Keep in mind that two channels are present. That is the reason for the factor of 2 (which actually will be a little greater than 2 because additional non-data bits are needed to support the communication protocol).

Also, I'm not sure it's clear to everyone that the Nyquist criteria (sampled data systems being able to handle frequencies no higher than 1/2 the sample rate) does not relate to filtering at the output of a dac. Ultra-sonic spectral components that are present at the output of the dac chip itself, due to the 44.1kHz sample rate, will not alias, or "fold-down" to lower frequencies. A brick-wall anti-aliasing filter, which as I mentioned is needed at the input to an a/d, is not needed at the output of a d/a, even a non-oversampling d/a running at 44.1kHz. The spectral components associated with the sampling will be at frequencies of 44.1kHz and its harmonics (88.2, etc.), or at much higher frequencies if oversampling is used. They needn't necessarily even be filtered at all (consistent with Paulfolbrecht's comment), or if they are filtered the roll-off can be gentle.

Re Paul's comment about the desirability of no filtering, btw, I would expect that to be dependent on the specific components (preamp, power amp, speakers) that are being driven by the signal (particularly their bandwidths and their sensitivities to intermodulation distortion at high frequencies).

Regards,
-- Al
humans also have a type of wavefront detection mechanism that is independent of our freqency perception. The pre ripple trips this wavefront detector and is perceived as diminishing the detail in the music.

I have long believed that our sense of hearing includes a "waveform steepness" factor quite independent of frequency response.

Those are excellent points (and excellent posts), and I suspect that what is behind this is the Haas Effect, which causes our hearing mechanisms to "latch on" to the leading edge of closely spaced sound arrivals.
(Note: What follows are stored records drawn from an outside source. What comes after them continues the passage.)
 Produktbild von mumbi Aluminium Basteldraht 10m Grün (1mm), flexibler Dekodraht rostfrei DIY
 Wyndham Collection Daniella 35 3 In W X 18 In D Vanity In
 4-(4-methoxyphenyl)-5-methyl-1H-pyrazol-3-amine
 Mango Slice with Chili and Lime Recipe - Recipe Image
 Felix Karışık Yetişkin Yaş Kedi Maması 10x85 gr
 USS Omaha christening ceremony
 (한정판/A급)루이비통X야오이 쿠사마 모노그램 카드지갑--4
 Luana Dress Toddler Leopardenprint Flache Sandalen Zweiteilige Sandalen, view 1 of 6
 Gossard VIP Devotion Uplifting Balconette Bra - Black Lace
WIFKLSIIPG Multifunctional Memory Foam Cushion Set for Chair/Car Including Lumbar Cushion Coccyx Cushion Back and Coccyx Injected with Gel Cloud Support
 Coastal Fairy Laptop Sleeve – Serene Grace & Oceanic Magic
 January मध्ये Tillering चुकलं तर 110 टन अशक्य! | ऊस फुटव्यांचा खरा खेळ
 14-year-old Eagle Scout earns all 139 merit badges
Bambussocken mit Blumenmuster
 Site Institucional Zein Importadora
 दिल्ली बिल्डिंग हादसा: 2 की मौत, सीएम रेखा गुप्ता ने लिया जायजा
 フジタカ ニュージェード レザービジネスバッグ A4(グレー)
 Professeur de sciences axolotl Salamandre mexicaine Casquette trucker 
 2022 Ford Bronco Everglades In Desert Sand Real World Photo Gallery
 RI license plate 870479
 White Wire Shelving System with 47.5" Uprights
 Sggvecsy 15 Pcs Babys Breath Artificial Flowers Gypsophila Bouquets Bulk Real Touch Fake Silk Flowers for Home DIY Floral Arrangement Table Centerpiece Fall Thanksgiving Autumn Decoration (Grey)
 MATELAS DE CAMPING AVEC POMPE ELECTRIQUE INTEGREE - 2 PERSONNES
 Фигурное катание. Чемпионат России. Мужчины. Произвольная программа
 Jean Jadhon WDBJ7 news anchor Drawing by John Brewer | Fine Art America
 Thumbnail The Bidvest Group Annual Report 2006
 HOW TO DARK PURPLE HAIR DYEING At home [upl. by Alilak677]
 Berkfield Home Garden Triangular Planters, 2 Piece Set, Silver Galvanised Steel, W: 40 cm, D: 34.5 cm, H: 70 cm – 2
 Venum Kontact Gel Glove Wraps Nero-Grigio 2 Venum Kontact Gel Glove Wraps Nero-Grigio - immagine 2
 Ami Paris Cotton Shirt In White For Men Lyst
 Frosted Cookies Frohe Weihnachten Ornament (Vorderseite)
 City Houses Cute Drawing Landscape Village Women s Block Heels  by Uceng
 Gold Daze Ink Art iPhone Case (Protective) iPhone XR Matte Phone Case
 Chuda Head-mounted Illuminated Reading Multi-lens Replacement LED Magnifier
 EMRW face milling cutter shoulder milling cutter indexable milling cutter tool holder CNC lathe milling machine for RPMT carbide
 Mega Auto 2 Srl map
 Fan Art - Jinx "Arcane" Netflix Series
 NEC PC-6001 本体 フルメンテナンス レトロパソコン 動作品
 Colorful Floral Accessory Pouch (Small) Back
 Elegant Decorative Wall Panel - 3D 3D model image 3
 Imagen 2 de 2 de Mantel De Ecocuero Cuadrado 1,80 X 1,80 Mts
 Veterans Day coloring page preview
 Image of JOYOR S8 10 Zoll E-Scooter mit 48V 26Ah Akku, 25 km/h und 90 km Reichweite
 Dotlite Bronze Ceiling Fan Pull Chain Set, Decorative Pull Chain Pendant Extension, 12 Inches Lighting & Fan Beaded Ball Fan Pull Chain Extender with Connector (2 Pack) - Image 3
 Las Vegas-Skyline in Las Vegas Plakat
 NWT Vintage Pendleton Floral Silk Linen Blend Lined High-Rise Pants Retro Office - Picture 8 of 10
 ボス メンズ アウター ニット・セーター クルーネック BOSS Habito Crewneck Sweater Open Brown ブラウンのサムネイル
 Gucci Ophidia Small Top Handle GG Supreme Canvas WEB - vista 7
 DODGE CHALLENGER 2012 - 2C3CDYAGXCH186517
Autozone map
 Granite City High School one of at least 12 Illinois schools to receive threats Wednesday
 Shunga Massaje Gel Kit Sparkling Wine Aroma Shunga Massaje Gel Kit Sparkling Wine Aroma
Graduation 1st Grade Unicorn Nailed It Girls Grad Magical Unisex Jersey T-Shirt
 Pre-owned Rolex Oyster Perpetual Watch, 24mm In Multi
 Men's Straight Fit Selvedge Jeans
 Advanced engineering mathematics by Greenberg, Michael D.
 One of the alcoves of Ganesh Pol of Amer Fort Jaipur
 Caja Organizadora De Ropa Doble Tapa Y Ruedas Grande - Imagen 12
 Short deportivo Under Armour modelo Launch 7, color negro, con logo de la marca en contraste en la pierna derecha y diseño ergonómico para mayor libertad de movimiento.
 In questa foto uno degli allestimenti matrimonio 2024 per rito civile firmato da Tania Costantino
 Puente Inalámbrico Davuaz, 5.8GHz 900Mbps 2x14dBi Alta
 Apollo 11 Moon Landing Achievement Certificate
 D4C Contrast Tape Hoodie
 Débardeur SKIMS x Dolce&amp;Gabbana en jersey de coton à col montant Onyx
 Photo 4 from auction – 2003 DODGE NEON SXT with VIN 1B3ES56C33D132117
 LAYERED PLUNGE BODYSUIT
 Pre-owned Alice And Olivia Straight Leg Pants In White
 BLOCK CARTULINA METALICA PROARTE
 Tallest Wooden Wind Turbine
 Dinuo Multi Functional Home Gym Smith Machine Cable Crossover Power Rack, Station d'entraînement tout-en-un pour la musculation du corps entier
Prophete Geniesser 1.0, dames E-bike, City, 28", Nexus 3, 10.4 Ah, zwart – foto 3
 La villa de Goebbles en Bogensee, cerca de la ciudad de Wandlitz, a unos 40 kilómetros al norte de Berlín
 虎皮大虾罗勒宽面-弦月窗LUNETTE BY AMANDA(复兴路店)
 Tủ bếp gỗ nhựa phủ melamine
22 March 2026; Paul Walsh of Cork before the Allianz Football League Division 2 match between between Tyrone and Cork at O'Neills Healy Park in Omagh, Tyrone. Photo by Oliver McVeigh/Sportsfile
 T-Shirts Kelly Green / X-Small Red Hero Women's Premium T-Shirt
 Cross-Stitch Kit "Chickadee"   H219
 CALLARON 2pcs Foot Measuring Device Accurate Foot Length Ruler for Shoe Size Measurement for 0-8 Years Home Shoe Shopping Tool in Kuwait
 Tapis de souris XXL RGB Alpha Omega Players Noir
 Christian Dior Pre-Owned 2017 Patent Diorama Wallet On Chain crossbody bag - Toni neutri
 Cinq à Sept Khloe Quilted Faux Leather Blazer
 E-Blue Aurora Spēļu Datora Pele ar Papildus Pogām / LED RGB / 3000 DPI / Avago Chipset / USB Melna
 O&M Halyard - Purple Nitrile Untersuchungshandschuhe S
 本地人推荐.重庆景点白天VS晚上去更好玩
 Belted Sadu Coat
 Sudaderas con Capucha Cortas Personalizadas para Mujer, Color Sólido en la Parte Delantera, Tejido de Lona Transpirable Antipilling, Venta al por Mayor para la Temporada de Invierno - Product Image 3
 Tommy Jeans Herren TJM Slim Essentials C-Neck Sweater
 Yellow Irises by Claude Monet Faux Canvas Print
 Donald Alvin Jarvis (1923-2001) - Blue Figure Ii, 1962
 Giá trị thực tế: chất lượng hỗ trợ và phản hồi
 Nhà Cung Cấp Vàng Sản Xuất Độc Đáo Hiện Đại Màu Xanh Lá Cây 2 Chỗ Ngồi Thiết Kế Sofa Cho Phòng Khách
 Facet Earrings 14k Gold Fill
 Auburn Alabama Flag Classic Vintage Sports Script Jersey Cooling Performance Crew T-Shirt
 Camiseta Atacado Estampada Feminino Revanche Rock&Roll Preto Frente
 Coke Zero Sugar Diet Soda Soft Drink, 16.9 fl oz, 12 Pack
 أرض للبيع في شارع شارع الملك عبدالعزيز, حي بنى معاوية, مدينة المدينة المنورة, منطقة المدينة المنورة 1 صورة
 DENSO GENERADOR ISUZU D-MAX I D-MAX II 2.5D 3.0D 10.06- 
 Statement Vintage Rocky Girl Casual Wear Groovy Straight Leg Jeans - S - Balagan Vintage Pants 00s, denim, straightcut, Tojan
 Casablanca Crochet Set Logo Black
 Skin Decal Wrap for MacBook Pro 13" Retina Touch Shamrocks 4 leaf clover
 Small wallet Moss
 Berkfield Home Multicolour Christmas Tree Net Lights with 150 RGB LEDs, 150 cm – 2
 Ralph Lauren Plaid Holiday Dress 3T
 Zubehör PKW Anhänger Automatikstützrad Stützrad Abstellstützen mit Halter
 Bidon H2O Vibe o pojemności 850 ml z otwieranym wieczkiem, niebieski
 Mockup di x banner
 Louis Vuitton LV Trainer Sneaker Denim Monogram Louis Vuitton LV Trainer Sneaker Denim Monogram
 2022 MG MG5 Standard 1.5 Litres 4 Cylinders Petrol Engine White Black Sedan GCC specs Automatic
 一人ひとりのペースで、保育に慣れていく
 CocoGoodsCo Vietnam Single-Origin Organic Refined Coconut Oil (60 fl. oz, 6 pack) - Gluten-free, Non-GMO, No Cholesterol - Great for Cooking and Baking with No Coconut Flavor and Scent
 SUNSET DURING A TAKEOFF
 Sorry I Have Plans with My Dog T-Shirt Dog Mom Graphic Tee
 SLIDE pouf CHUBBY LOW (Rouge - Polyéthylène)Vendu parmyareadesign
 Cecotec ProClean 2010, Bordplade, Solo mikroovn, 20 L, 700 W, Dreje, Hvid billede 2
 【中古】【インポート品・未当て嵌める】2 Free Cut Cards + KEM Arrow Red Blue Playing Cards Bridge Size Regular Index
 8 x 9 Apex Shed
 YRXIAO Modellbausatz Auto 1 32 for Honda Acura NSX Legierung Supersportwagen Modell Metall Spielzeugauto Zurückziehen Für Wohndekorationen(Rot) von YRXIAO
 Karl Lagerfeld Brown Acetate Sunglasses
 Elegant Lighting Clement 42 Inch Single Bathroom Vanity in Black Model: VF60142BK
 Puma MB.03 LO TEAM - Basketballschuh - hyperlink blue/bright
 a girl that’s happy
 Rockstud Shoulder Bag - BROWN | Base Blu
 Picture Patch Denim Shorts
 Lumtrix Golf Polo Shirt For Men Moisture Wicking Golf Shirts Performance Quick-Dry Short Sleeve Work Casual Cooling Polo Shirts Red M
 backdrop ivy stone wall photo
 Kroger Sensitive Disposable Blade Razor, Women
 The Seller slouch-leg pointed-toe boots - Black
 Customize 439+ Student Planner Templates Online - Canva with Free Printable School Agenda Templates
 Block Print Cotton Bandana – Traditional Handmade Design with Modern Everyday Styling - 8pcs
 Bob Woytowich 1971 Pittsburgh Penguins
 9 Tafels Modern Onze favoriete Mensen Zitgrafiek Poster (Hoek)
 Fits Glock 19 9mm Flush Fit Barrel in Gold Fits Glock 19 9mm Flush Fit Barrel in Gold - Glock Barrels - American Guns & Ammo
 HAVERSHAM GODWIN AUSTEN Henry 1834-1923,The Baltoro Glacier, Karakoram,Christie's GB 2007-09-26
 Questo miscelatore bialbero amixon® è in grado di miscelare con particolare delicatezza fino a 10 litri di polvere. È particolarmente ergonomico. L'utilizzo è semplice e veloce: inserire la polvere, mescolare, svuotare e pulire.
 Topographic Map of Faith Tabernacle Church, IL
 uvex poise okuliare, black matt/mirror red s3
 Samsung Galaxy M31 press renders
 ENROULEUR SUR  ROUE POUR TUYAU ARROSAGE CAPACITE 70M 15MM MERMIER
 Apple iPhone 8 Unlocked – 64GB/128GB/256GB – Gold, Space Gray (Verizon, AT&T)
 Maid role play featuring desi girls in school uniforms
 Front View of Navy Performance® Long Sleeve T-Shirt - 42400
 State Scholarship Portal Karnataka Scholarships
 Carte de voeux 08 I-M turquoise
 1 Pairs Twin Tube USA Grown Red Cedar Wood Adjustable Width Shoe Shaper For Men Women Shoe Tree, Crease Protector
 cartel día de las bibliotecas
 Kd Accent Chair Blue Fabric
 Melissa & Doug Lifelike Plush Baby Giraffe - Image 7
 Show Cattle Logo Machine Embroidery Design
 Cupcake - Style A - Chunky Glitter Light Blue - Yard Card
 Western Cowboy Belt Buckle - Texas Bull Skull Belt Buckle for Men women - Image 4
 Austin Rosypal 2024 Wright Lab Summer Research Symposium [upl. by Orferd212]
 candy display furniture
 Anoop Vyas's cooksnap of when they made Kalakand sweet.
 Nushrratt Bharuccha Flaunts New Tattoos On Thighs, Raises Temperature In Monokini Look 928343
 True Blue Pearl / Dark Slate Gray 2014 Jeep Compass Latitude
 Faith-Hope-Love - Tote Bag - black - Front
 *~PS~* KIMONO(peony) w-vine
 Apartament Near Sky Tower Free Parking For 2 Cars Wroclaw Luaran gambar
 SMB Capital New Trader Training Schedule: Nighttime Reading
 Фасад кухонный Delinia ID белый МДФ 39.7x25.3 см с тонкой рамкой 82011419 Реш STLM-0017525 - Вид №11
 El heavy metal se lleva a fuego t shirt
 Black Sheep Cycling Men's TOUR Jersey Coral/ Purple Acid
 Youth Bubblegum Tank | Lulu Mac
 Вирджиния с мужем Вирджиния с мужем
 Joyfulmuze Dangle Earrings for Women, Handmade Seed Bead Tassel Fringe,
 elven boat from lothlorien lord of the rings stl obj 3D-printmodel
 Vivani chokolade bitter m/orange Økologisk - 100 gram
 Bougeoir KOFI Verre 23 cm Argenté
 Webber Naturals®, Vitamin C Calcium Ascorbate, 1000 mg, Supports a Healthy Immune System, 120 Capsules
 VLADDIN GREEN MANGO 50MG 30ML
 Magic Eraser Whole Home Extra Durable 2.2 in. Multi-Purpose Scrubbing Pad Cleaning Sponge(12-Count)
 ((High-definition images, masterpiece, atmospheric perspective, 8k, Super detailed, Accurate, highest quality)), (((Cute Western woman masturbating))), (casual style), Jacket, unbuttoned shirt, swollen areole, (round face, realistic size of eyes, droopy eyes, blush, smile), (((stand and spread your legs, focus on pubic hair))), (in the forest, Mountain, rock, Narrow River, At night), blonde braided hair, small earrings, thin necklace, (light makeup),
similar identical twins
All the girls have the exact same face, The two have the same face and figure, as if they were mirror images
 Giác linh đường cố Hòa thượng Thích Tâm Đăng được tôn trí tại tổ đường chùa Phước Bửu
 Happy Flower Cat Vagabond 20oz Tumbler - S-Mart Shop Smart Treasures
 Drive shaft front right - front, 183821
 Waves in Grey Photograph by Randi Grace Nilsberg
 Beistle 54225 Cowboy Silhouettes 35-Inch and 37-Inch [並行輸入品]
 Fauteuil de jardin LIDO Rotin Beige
We evolved that capability to aid localization of the source of sounds that may arrive at our ears via both a direct path and (slightly later) via reflections. See the following:

http://en.wikipedia.org/wiki/Haas_Effect

Also, a few comments re the Nyquist rate and the Sampling Theorem and why sampling at twice the highest frequency that may be present is valid in theory but not in practice.

Counter-intuitive though it may seem (as Viridian indicated, sampling at the minimum Nyquist rate provides only two samples per period of the highest input signal frequency), that sample rate (of twice the highest possible signal frequency) maintains 100% of the information in the original waveform, regardless of the complexity of the waveform (sinusoidal or not), provided that two things are true:

1)No out-of-band spectral components are present (which would alias down to lower frequencies following the sampling process).

2)The sample record is of infinite length. I believe that follows from the fact that any arbitrary waveform (in the time domain) is mathematically equivalent to a summation of sine waves at various frequencies and amplitudes, but determination of that equivalency requires that an entire sample history covering all time is available. The equation defining the Fourier Transform, which mathematically converts between the time domain and the frequency domain, involves an integration from -infinity to +infinity. The relevant distinction between a pure sine wave and a complex musical waveform, which ElDartford referred to, is that for the pure sine wave we essentially know its entire past and future history -- it's always the same.

That's in theory. In practice, we need an anti-aliasing filter in front of the a/d, to filter out-of-band frequencies, and the steeper the filter slope the worse its side-effects will be, everything else being equal. And of course, item 2 can only be satisfied in the real world to some approximation. The idea seems to be that the sample record need only be "long," relative to the changes that occur in the content.

All things considered, it's remarkable that redbook cd (sampling at just about 10% above the Nyquist rate) works as well as it does.